Global equity mix with strong US tilt and added value factor exposure for diversified stock market growth

Report created on May 26, 2026

Risk profile Info

4/7
Balanced
Less risk More risk

Diversification profile Info

3/5
Moderately Diversified
Less diversification More diversification

This portfolio is a simple four‑ETF, 100% equity mix built around broad global exposure plus value tilts. Half the allocation goes to a global all‑country index, creating a diversified core. Another 20% sits in a US large‑cap index, reinforcing the US weighting. The remaining 30% is split between developed and emerging markets value factor funds, which deliberately lean into cheaper‑priced stocks. Structurally, this is a straightforward, buy‑and‑hold style equity portfolio with no bonds or cash buffers. That clarity makes the behaviour easier to understand: it is designed to move with global stock markets, with an added twist from the value-tilted pieces that can cause it to behave differently from a plain index at times.

Growth Info

Over the measured period, €1,000 grew to about €1,782, a compound annual growth rate (CAGR) of 25.28%. CAGR is like average speed on a long drive, smoothing out bumps along the way. This comfortably outpaced both the US market and global market benchmarks, which delivered CAGRs of 21.91% and 20.85%. The portfolio’s worst peak‑to‑trough drop, or max drawdown, was -20.77%, similar to the benchmarks’ declines. The quick recovery within about five months suggests drawdowns, while sharp, have not been unusually prolonged. Only 27 trading days made up 90% of returns, underlining how a handful of strong days can drive overall performance and why staying invested has historically mattered.

Projection Info

The Monte Carlo projection uses past return and volatility patterns to simulate 1,000 possible future paths for the portfolio over 15 years. Think of it as running many “what if” weather forecasts for markets instead of just one straight-line prediction.

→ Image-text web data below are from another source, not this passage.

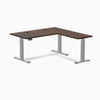 Desky Rubberwood L-Shape Sit Stand Desk, Dark Walnut desktop, Gray frame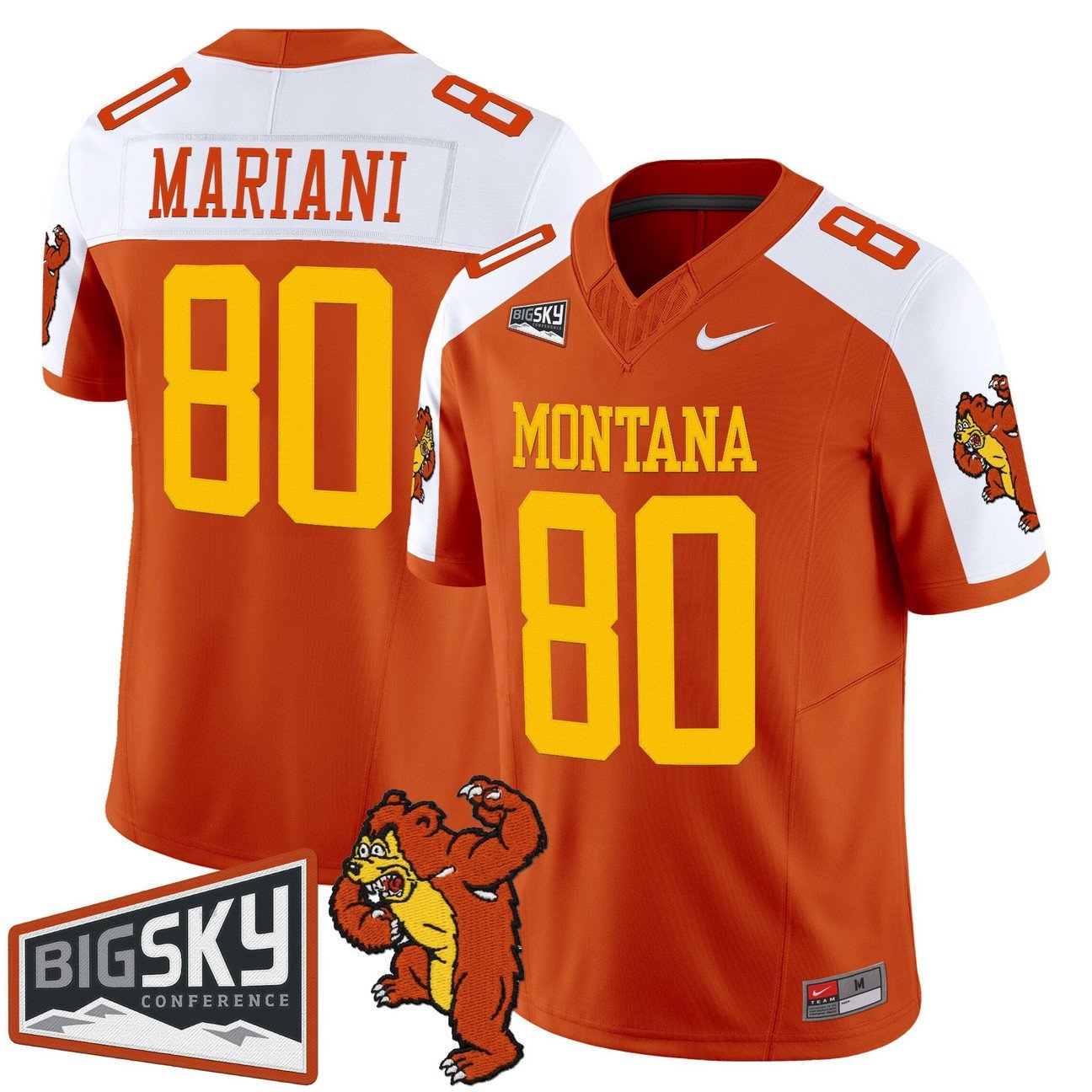 Marc Mariani Jersey #80 Montana Grizzlies 1995 Throwback Stitched Orange Alter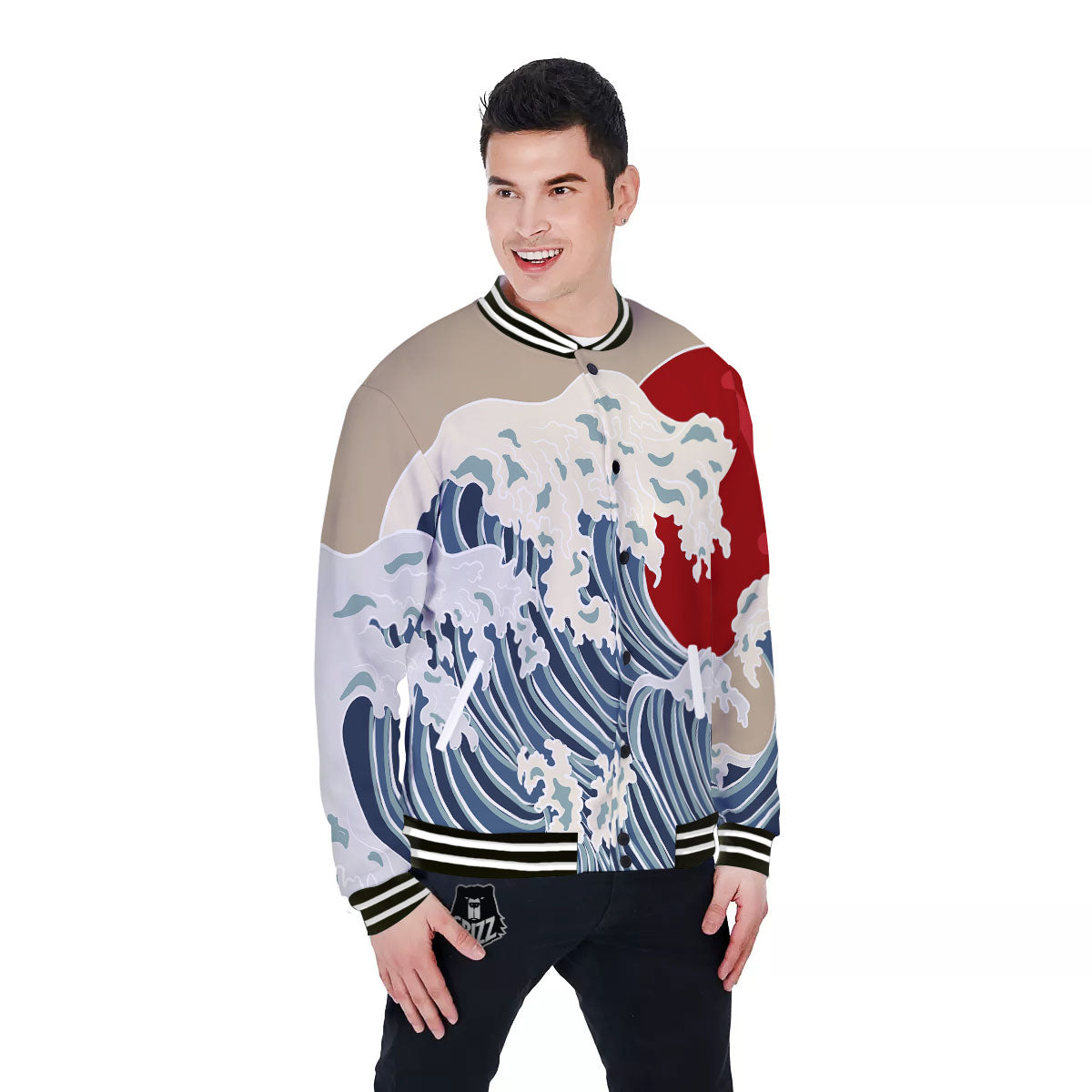 Ocean Wave Japanese Print Baseball Jacket-grizzshop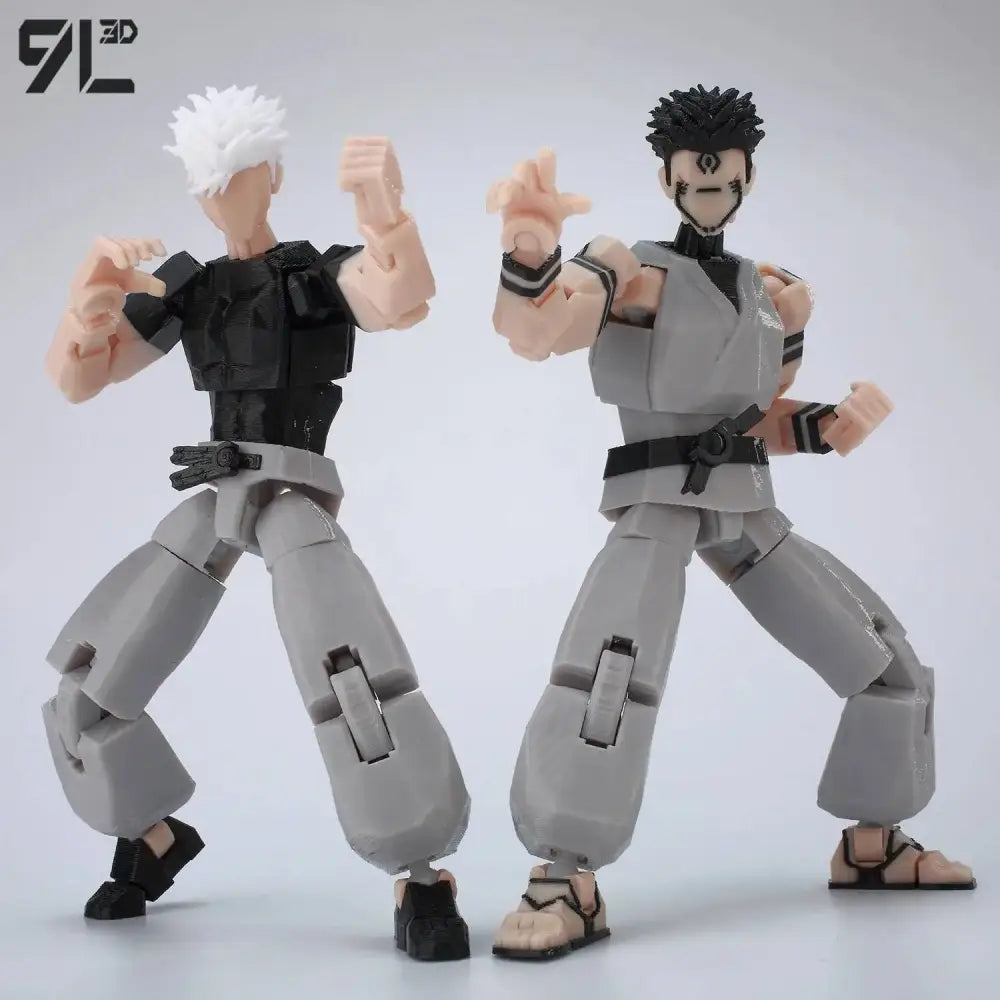 Two jujutsu kaisen gojo sukuna articulated figures in black beige and gray martial arts uniform made of high-strength pp plastic for safe delivery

The median outcome shows €1,000 potentially becoming about €2,760, with a central band from roughly €1,814 to €4,165. There’s also a wide possible range from around €923 to €7,802, reflecting that markets can deliver very different results over long stretches. An overall simulated annualised return of 8.08% is more modest than the recent historical CAGR, illustrating that past high returns do not automatically continue and that future outcomes can vary a lot.

Asset classes Info

  • Stocks
    100%

All holdings in this portfolio are equity ETFs, so the asset class split is a clean 100% stocks and 0% bonds or alternatives. That makes the overall risk profile directly tied to share market movements, without the dampening effect that bonds or cash can provide in downturns. From a diversification point of view, the portfolio spreads risk within equities across many companies and countries, but does not diversify across different asset classes. Many broad “balanced” reference portfolios mix equities and bonds; in contrast, this structure behaves more like a pure growth engine, which historically offers higher potential returns but also more pronounced ups and downs along the way.

Sectors Info

  • Technology
    34%
  • Financials
    15%
  • Industrials
    9%
  • Consumer Discretionary
    9%
  • Telecommunications
    8%
  • Health Care
    7%
  • Energy
    5%
  • Consumer Staples
    4%
  • Basic Materials
    4%
  • Utilities
    2%
  • Real Estate
    2%

Sector exposure is clearly tilted toward technology at 34%, with the next largest areas being financials at 15% and industrials and consumer discretionary at 9% each. This is somewhat tech‑heavier than many global benchmarks, where technology is large but not always this dominant. A tech‑heavy profile can benefit strongly when innovation and digital platforms lead market gains, but it may feel sharper swings during periods of rising interest rates or when sentiment turns against growth‑oriented businesses. The presence of more defensive areas like health care, consumer staples, and utilities, though smaller, still offers some balance by providing exposure to sectors that often behave differently across economic cycles.

Regions Info

  • North America
    62%
  • Europe Developed
    12%
  • Asia Developed
    10%
  • Asia Emerging
    6%
  • Japan
    6%
  • Latin America
    2%
  • Africa/Middle East
    1%
  • Australasia
    1%

Geographically, the portfolio leans strongly into North America at 62%, compared with many global indices where the US is also dominant but sometimes a little lower. Europe developed at 12% and Asia developed at 10% provide additional anchors, while Japan and emerging regions add further spread. Exposure to Asia emerging (6%), Latin America (2%), and Africa/Middle East (1%) offers a foothold in faster‑growing but more volatile markets. Overall, this mirrors the common global pattern of US leadership with meaningful, though smaller, weights elsewhere. That alignment with global market weights supports broad diversification, while still accepting that a lot of portfolio behaviour will be driven by what happens in the US.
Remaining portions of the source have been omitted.